La Poesia Visiva in Italia, 3: Franco Verdi


Alessandro Gaudio


La contiguità tra immagine e parola 
in Franco Verdi

3. Franco Verdi (1934-2009), pur nel suo isolamento e nelle sue
modalità operative semiprivate, – a detta dell’Apicella – avrebbe certamente
rinunciato al disimpegno, al «quieto godimento», al «provvisorio
assaporamento», servendosi efficacemente del mezzo della satira.
È il caso, ad esempio, della sua Poesia gastronomica, fatta da «barattoli
che contengono conchiglie, pezzi di meccanismi, giocattoli di
plastica, materiali fossili, di colori varî e accesi. Si tratta – continua la
semiologa – di comuni barattoli di marmellata, o da sottaceti, chiusi
da un coperchio a scatto e morsa, di una molla di ferro dolce: ma
sono remotissimi dalla pop-art, dai pollastrini artificiali su falsi spiedi,
dalla satira gastronomica al consumismo di serie, che vuole essere
la satira ad un costume e ad una civiltà». Il bersaglio dell’atto derisorio
di Verdi è costituito, piuttosto, dalla poesia come atto disimpegnato,
quella che «non partecipa del tempo, ma si infossa in barattoli, che
diviene gioco, passatempo, tecnica sillabica, preziosismo salottiero»7.
L’azione diretta dell’immagine è surrogata dalla ricchezza linguistica
ed espressiva dell’atto di parola che, dunque, rispetto alla prima, è
metaforico ma, nel modo qui precisato, non meno efficace8.
Verdi confermerà questa posizione all’interno di uno scritto dal
valore programmatico, pubblicato nel 1978 su «Quinta Generazione
», rivista che promosse un dibattito su Realtà e veggenza.
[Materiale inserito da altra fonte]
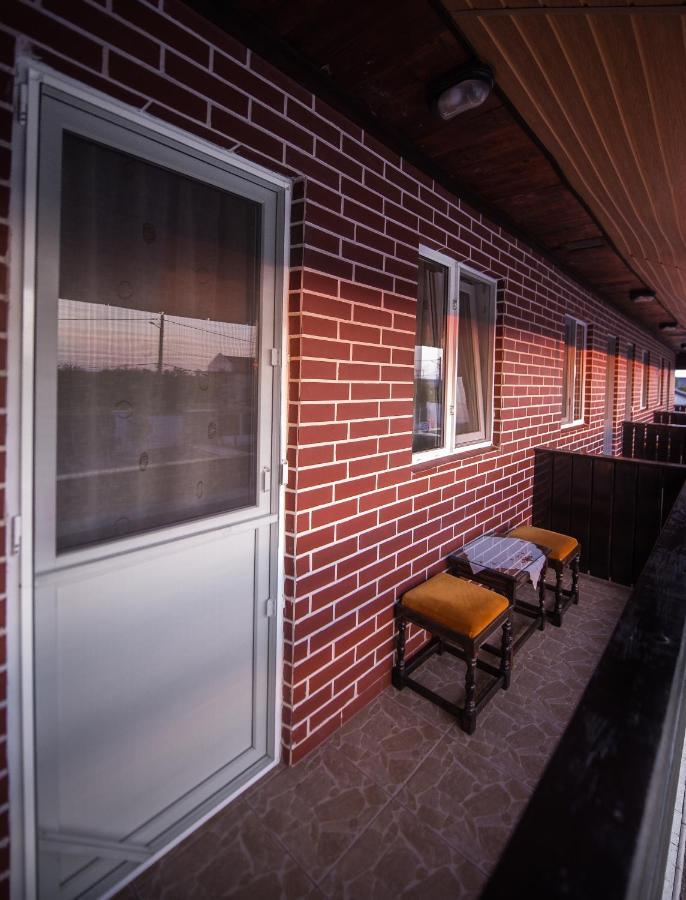 Hotel Casa 4 Odai Douăzeci şi Trei August Exterior foto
I passaggi
più significativi della risposta di Verdi riguardano l’idea di compromissione
che – secondo il poeta – pervade ormai il rapporto tra
arte e critica, la necessità di accordare una funzione preminente
all’espressione e, soprattutto, la connessione tra le condizioni formali
di produzione e il contesto storico-politico9.
Per comprendere pienamente il modo in cui funzionano i processi
simbolici messi in atto dal poeta veronese, credo che valga la
pena insistere sull’assenza di discontinuità tra materia dell’opera e
immagine che caratterizza il suo lavoro, ma anche sulla contiguità
di immagine e parola (e, transitivamente, di parola e materia): si
prefigura, così, un tipo di oggetto che si potrebbe definire attivo, in
quanto è in grado di sollecitare tanto la percezione quanto, grazie a
un continuo processo di deformazione del segno, l’immaginazione
del fruitore: già nel ’67, Verdi aveva sentito come essa fosse insufficiente
e improduttiva nell’uomo di oggi: è quanto il poeta rivelava
nel primo punto di un decalogo, inserito nel catalogo dell’importante
esposizione internazionale di Poesia Visiva, denominata Segni
nello spazio, tenutasi a Castello di San Giusto10. Nel prosieguo del
suo scritto, il poeta veronese si concentrava su alcune contrapposizioni
fondamentali che avrebbero potuto trovare una risoluzione in
seno alla poesia sperimentale: la prima riguarda il conflitto tra le
idee e le relazioni complesse (che non troverebbero spazio nella
nuova poesia) e la concezione divisa dell’Io: «non causalità ma possibilità,
non monologo ma dialogo, non chiusura ma apertura»; la
seconda prevede la fusione (spesso inedita e, dunque, ancora una
volta complessa) di elementi verbali e visuali: il fatto grafico è
costitutivo del discorso poetico; la terza teorizza l’interdisciplinarità
della poesia sperimentale: «poetica, critica, estetica sono momenti
interdipendenti nell’operare artistico»; l’immaginazione (che deve
essere produttiva), nella quarta contrapposizione, è adeguata al tempo
storico e, se opportuno, pronta a rinegoziare i suoi fondamenti11.
È molto evidente negli scritti dei poeti visivi più accorti, e in
quelli di Verdi tra questi, la necessità di non trascurare la dimensione
teoretica del proprio lavoro: essa diviene indispensabile per distinguere,
in seno alla Neoavanguardia, coloro che nelle loro opere
versano un impianto di riflessioni (un criterio preliminare) coerente,
meditato e, dunque, motivato (e di solito ciò avviene in quei poeti
visivi che hanno alle spalle un passato da poeti), da chi invece (e
sono i più), privo di qualsiasi preoccupazione di ordine, propone
semplici imitazioni a un pubblico di critici e di mercanti, il più delle
volte, colpevolmente compiacenti. È quanto rileva lo stesso Verdi in
uno scritto del 1971, ribadendo il ruolo fondamentale che critica,
poetica ed estetica detengono nell’arte d’oggi e prendendo le distanze
dagli epigoni della Poesia Visiva: «per un Petrarca, – lamenta
l’artista – qualche centinaio di petrarcheschi, per un Mallarmé qualche
centinaio di poeti visivi o visuali od altro»12.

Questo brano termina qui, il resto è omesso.